On December 14, 2011 at 10:40 AM , Lyle Blake Smythers said...

A recurring problem with these succinct summaries: In the interest of keeping it short, the writer takes shortcuts resulting in bad grammar. My pet peeve is the misplaced modifier or dangling participle: "Set in a future where ..., Katniss ..." No, the story is set in the future, not Katniss. Exact same thing with the Hugo example: "Set in 1930s Paris, an orphan who ..." No. The story is set in the 1930s, not the orphan. Bad bad writing.

 
On December 14, 2011 at 10:47 AM , Lyle Blake Smythers said...

This problem is easily fixed by just removing the unnecessary and jarring word "set." So you say, "In 1930s Paris, an orphan ..." N'est-ce pas? 8)

 
On December 14, 2011 at 11:22 AM , Stina Lindenblatt said...

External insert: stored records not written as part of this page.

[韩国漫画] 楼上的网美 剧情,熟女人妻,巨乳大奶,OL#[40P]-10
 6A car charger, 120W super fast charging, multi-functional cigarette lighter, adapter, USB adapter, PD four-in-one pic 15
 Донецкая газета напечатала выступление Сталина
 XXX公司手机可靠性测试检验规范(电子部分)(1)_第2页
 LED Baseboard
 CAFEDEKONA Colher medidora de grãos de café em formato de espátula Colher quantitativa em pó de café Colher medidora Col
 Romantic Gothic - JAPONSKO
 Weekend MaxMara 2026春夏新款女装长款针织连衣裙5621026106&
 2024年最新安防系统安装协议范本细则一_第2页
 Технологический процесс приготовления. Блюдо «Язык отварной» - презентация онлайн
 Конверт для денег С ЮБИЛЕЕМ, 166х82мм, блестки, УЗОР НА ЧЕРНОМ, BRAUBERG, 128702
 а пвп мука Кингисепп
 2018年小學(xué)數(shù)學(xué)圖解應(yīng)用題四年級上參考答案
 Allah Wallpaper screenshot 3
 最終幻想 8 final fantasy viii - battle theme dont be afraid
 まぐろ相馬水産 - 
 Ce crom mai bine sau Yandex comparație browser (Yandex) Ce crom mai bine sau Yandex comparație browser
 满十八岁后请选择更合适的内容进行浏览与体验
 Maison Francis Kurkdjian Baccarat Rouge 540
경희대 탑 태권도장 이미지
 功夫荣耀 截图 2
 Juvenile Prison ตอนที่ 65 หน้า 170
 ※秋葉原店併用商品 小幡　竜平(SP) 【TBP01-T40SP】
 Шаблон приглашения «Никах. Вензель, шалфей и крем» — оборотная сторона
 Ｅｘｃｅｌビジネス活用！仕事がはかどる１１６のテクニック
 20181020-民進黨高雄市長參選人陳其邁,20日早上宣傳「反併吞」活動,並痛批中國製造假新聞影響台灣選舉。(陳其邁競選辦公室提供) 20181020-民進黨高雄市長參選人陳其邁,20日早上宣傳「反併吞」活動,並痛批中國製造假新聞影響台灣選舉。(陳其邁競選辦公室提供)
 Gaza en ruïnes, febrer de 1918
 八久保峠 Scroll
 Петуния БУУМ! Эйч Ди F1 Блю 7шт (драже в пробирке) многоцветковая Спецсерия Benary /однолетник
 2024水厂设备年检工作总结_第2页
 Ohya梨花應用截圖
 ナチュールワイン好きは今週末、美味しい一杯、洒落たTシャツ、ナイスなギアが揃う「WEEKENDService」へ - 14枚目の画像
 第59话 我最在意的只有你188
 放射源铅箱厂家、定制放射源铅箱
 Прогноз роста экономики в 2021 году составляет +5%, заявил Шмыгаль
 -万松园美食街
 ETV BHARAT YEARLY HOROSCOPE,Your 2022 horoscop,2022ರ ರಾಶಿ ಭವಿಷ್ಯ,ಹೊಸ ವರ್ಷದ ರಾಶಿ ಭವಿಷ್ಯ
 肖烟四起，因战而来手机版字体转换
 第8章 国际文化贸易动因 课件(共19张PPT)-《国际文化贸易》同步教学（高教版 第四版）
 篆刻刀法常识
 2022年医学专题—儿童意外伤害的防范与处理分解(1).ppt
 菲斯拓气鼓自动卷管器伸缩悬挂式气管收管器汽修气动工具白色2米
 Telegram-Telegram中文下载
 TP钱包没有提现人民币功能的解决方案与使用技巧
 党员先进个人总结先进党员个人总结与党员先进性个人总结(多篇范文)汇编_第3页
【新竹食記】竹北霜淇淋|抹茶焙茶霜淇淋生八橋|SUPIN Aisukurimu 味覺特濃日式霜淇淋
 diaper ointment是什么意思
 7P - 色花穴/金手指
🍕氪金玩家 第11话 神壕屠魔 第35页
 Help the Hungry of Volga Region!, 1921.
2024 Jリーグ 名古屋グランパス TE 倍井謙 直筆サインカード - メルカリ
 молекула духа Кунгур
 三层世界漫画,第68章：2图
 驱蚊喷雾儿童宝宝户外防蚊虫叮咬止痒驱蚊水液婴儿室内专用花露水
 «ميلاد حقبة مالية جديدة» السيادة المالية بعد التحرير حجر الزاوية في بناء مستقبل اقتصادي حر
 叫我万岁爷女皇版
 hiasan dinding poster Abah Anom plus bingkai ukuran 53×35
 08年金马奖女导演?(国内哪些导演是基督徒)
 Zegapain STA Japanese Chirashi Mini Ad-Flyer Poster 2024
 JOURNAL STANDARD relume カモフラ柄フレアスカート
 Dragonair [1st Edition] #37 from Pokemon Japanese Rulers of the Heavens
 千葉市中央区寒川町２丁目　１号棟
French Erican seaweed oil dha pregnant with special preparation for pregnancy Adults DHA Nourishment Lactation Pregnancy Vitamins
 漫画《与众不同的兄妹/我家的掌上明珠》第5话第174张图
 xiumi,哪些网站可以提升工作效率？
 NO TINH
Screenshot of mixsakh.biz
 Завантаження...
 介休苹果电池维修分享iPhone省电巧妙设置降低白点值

I didn't write these, but you are correct. Obviously even professionals aren't perfect when it comes to loglines. To most people, those errors won't be an issue. They aren't going to analyze the sentence structure and base they decision to see the movie on that. ;)

 
On December 14, 2011 at 11:36 AM , Christina Lee said...

GREAT post, Stina! I need a Hollywood producer to write mine *wink*.

I agree that the general public wouldn't even recognize what Lyle pointed out, but something to consider!

 
On December 14, 2011 at 12:44 PM , Ed said...

What is an Inciting Incident? Answered pretty well here: http://www.clickok.co.uk/Inciting-Incident-versus-Call-To-Adventure-Resolved.html

 
On December 14, 2011 at 12:57 PM , Holly L'Oiseau said...

I'm probably one of the only writers on the planet who loves writing loglines and queries. I always write my logline first before I ever start on my MS. That's how my novel is formed.

 
On December 14, 2011 at 5:27 PM , Lyle Blake Smythers said...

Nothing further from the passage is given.